Stores of every description, particularly stoves, of which there are abundance at Kingston … It is by the squadron alone that relief can reach us, and from the accounts I have lately received of the state of forwardness of the new ship, I really begin to fear that relief by this mode may not reach us in time.[2]
Two officers were sent through the countryside to induce each farmer to thresh his grain early and sell from five to 12 bushels to the army to enable it to hold out. Major-General Stovin, at Kingston, sent forward a large detachment of bateaux, laden with provisions and stores. Another stroke of good luck was the disappearance of the war vessels blockading Fort George. Drummond hurried the schooner Vincent off to York with the prisoners and the sick, and sent after it the schooner Netley and the brig Charwell. At York the schooners waited for the 97th Regiment, but before it arrived the two American ships returned. The 97th were reduced to walking to Niagara, and provisions could only be moved by bateaux.

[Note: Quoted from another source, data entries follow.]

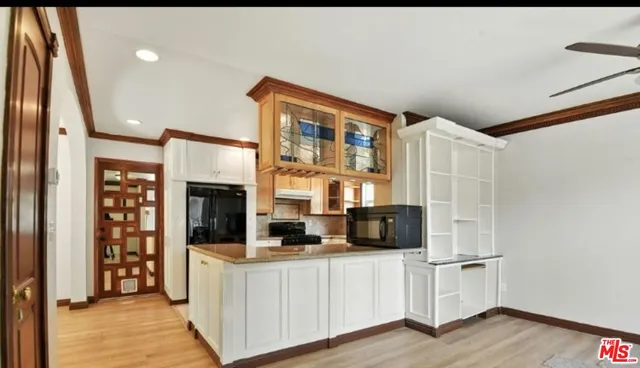 a kitchen with stainless steel appliances a refrigerator and a stove top oven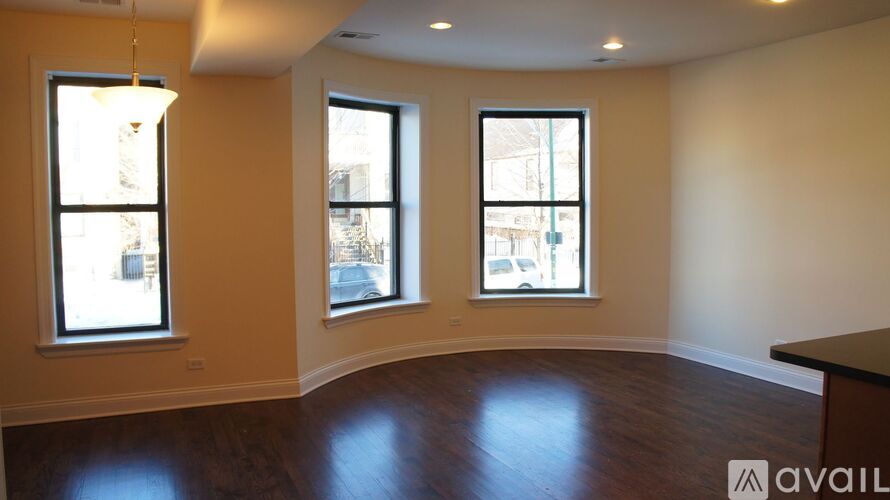 A room with wooden floors and two windows.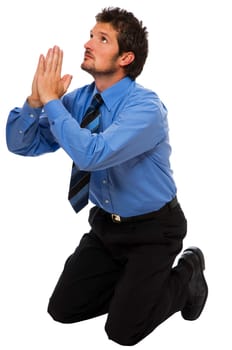 young Business man on his knees praying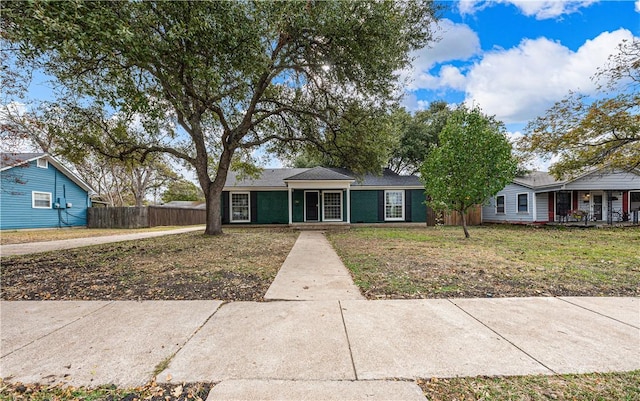 ranch-style home featuring a front yard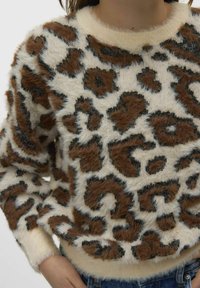 Weicher, flauschiger Pullover mit braunem und schwarzem Leopardenmuster, getragen mit blauen Jeans, mit gerippten Bündchen und rundem Ausschnitt.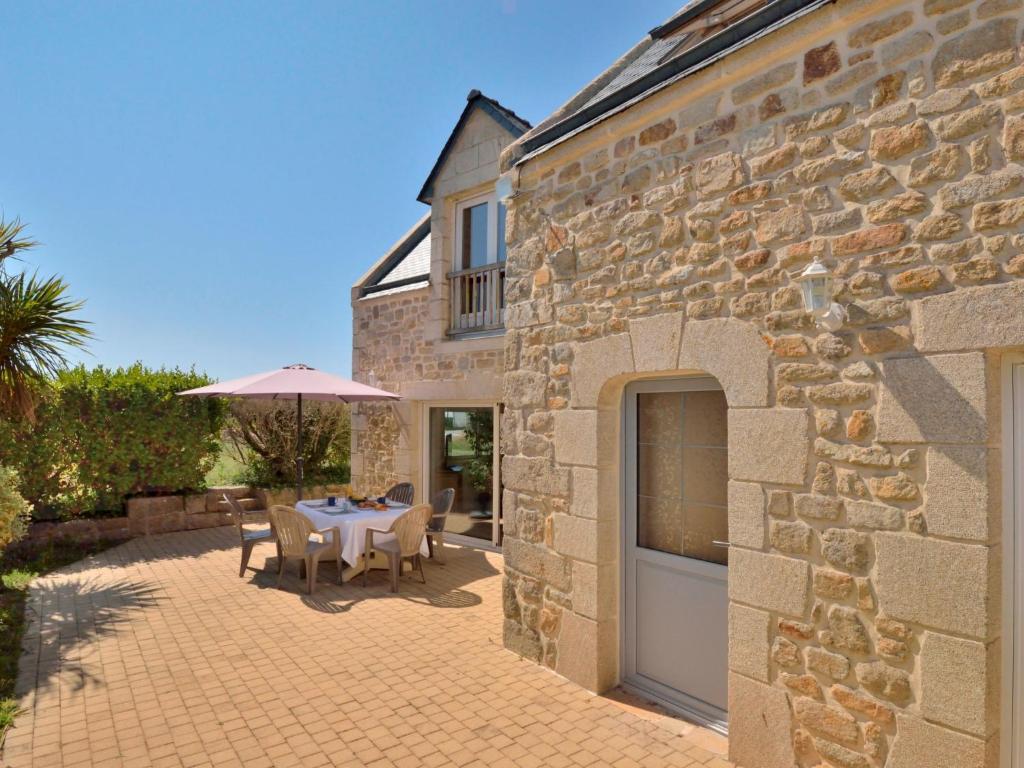 une maison en pierre avec une table et un parasol dans l'établissement Holiday Home Tazie by Interhome, à Plouhinec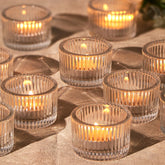 HAVITI 24-pack clear tealight holders for elegant wedding centerpieces and ambient home decor.
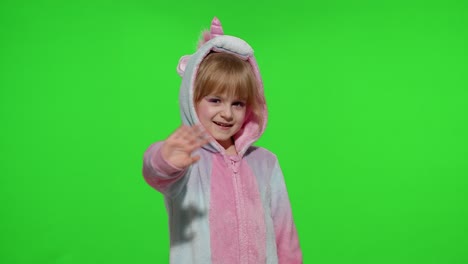 Little-child-girl-smiling,-waving-greeting,-hello-or-bye-with-hand-in-unicorn-pajamas-on-chroma-key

In September, FitzGibbon was employed carrying dispatches to Kingston. He may have been sent post-haste to warn Stovin that the warships were back. Perhaps his superiors were kind enough to arrange for Fitz to have some time with his wife. His granddaughter says he travelled back to Niagara with Major-General Stovin on September 17. Drummond had requested that Stovin join him on the frontier as the neck wound Drummond had suffered in the Battle of Lundy’s Lane was keeping him unwell.
News from the rest of the war brought alternate shock waves of
hope and dismay. In midsummer, an American fleet of six vessels had attacked Michilimackinac but Lieutenant-Colonel McDougall, with 140 regulars plus militia and Natives, defended his post so well that they sailed away on August 5, the British flag still flying proudly over the northwest. Late in August, Canadians were almost as stunned as Americans to learn that a British force under Major-General Ross and Rear-Admiral Cockburn had moved up the Patuxent River on August 24 and burned the Capitol, the public buildings, and the presidential residence in Washington, D.C. Retaliation for the burning of York was complete.
Peace Talks
Efforts toward peace were made throughout the war, but it was January 1814 before an agreement was reached to begin talks and talks did not get under way until August, in the city of Ghent. Demands that could not be met were made on both sides. Britain tried to support her Native allies by establishing a neutral buffer state between the United States and Canada, but the Americans flatly refused. United States wanted more Canadian territory and fishing rights off Newfoundland. Britain wanted part of Maine. Finally, both parties agreed to return to the status quo before the war, and signed the Treaty of Ghent on December 24, 1814.
Before the treaty was formally ratified, the British attacked New Orleans on January 8, 1815, and were defeated. Peace was finally proclaimed on February 18 after both sides ratified the agreement.